Serves 4



1 bunch of sliced chives

15 each parsley leaves

4 each peeled, shaved raw chestnuts

1 ripe Fuyu persimmon peeled and sliced into 16 slices

2 each sliced apple

Persimmon sauce

4 ripe persimmons

1tbsp lemon juice

1tsp salt

1 cup of orange juice

Shaved fennel

4 heads of fennel


Persimmon sauce

Combine all in a sauce pan and cook over low heat for 20min. Let cool and then blend in a blender. Reserve.

Persimmon vinaigrette

1 cup of orange juicereduced over low heat in a saucepan until reduced by 1/2. Take off heat and add the reduced OJ to a small mixing bowl. Add 2 Tbsp of the Persimmon sauce ( from above) and season with salt to taste.Add 1/4 cup of olive oil and mix with a whisk. It is ok for the sauce to be broken.

Shaved fennel

Cut off the fennel tops and save some of the fronds for garnish. Shave the 4 heads of fennel thinly on a Japanese mandolin. If you don’t have a mandolin it is a real good kitchen tool to have. (Alt. Slice the fennel thin.) Put the fennel in a bowl and season lightly with salt and olive oil to taste.
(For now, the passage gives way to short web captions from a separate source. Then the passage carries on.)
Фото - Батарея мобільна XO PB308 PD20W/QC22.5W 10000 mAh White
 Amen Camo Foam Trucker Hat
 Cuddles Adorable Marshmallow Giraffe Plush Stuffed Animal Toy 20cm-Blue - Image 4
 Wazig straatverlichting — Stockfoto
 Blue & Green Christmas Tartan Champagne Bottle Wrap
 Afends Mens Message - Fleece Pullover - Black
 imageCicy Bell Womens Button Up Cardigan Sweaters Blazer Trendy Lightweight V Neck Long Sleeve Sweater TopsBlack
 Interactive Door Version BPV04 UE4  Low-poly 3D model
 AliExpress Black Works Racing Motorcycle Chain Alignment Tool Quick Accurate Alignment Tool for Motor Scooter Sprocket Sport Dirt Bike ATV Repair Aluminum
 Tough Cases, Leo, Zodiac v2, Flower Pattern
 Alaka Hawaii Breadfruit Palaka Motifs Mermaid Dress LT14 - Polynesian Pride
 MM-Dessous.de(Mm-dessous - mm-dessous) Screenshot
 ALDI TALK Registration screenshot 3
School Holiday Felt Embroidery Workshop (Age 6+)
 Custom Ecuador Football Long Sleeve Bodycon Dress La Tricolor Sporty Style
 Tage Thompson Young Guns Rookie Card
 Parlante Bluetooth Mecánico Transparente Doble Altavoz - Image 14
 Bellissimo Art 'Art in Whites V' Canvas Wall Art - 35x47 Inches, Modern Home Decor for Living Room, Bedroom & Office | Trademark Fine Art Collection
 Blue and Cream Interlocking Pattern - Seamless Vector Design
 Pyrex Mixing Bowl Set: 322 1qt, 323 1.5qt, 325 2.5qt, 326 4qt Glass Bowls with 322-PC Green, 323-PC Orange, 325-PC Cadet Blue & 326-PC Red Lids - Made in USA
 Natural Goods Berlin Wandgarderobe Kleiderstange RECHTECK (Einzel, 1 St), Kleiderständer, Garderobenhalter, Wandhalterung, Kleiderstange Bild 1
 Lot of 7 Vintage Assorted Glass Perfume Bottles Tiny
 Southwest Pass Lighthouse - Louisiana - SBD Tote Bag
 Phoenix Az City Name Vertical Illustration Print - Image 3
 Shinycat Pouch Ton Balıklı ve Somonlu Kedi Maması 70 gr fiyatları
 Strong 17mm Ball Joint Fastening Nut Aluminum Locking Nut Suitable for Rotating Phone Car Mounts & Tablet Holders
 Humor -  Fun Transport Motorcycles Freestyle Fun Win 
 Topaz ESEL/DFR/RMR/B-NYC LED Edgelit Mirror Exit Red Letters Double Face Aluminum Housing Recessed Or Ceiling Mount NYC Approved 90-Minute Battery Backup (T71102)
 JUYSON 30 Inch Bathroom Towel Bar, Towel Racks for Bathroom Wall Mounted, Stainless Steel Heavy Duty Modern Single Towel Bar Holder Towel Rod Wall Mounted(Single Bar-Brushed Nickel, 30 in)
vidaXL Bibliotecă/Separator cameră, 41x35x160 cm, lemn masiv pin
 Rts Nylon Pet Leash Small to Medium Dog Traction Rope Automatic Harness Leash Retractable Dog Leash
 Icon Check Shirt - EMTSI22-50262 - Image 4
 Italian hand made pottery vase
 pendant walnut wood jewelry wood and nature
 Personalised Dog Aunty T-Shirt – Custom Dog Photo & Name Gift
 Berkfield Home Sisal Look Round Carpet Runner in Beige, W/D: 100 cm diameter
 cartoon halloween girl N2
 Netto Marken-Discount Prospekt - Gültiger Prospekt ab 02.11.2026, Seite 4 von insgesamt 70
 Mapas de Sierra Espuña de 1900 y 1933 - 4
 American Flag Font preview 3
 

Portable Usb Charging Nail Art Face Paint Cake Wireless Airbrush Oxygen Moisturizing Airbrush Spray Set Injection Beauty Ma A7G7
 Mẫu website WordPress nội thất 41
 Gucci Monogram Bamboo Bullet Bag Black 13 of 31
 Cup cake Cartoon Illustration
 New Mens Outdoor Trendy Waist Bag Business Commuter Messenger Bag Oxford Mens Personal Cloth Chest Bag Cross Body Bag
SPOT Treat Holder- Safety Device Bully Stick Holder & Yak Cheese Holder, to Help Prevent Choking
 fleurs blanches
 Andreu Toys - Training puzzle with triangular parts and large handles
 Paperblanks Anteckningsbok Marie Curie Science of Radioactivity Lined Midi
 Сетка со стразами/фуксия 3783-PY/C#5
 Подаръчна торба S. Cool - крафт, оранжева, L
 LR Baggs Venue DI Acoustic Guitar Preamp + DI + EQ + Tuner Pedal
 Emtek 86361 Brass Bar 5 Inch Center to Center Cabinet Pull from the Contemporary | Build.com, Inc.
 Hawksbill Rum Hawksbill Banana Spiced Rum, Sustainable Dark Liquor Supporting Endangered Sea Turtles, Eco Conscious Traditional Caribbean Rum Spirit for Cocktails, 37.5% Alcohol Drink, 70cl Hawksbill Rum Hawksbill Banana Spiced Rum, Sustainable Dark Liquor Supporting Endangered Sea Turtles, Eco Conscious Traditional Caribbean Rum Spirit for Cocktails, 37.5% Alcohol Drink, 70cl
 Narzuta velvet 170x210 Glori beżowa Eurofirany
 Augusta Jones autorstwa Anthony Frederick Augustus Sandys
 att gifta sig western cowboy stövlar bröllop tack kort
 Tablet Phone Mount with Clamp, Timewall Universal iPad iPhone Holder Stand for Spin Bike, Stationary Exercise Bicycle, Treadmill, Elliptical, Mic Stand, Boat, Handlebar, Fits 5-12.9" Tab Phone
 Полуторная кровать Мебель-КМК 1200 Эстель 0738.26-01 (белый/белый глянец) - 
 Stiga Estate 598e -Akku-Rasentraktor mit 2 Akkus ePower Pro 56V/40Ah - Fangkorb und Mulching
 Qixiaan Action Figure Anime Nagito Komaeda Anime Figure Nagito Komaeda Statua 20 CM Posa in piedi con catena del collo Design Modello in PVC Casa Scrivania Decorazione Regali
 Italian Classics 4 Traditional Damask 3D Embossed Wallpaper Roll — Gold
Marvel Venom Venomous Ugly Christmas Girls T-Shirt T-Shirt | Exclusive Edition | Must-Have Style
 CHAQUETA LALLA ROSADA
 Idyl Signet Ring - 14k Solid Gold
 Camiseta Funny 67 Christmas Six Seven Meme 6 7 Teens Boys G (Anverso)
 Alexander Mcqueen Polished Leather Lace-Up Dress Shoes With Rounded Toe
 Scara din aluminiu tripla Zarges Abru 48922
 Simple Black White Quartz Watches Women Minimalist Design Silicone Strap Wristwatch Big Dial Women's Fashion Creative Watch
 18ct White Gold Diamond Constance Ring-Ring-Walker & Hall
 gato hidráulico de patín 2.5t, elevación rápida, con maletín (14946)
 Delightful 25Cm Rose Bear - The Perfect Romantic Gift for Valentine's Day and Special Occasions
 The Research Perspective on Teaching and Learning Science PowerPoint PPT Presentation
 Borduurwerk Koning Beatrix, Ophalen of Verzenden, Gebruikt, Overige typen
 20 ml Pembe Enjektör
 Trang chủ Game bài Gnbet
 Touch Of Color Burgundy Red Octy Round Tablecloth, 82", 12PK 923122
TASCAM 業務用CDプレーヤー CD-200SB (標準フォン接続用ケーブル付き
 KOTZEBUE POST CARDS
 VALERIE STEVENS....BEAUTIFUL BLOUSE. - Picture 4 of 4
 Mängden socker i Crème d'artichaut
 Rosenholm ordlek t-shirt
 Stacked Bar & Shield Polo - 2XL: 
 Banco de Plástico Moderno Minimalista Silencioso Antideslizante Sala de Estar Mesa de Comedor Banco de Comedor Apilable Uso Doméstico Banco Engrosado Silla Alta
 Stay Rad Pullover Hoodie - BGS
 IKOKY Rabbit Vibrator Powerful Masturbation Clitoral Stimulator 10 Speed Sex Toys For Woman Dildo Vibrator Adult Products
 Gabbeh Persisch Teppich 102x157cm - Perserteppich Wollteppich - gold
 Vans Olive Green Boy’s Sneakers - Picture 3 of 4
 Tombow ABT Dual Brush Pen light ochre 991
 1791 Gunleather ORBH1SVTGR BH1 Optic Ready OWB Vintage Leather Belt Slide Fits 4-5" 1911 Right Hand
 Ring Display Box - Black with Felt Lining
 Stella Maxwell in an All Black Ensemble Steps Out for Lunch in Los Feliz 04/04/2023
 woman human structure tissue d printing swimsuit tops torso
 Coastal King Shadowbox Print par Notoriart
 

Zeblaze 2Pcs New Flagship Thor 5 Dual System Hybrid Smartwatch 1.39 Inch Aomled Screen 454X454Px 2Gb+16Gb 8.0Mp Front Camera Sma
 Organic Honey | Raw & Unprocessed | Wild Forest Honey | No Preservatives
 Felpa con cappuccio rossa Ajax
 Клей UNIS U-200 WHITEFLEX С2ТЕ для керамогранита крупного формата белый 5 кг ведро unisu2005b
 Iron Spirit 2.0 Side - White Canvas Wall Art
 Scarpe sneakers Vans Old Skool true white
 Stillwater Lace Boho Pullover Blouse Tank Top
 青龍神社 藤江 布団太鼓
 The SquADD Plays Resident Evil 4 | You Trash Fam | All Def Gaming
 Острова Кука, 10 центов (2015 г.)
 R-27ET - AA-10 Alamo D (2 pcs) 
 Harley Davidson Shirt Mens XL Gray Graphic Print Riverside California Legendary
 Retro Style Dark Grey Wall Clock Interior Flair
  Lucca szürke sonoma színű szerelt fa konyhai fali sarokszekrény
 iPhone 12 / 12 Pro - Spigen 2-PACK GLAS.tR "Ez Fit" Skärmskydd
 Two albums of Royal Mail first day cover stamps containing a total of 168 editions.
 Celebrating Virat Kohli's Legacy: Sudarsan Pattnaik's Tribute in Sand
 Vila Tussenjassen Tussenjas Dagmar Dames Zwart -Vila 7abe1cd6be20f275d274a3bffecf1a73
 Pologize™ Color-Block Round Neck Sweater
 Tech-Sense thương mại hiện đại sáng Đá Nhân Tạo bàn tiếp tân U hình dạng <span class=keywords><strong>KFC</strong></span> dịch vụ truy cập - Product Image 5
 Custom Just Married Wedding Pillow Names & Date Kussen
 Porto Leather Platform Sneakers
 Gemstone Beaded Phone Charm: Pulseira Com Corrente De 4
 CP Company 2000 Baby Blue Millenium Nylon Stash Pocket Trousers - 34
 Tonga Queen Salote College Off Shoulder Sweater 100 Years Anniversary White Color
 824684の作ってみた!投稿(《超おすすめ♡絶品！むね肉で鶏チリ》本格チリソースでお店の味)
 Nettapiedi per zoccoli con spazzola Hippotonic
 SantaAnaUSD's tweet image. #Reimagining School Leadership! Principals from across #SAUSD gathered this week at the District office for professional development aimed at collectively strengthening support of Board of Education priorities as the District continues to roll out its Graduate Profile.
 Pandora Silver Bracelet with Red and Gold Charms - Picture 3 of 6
Add the shaved chives and parsley leaves to the fennel mixture.

Sliced apple

Slice apple thinly with a knife (half moon shapes)and toss with lemon juice and a touch of olive oil, salt.

To serve

Combine all ingredients (fennel salad and raw apples) and toss lightly with the Persimmon vinaigrette. ( around 2-3 TBSP, depending on taste) Pick a nice large salad plate and add some of the persimmon sauce to the bottom. Add the salad on top of the puree. Add Sliced Raw Chestnuts. Season with some finishing salt. Also use any edible flowers if you have them.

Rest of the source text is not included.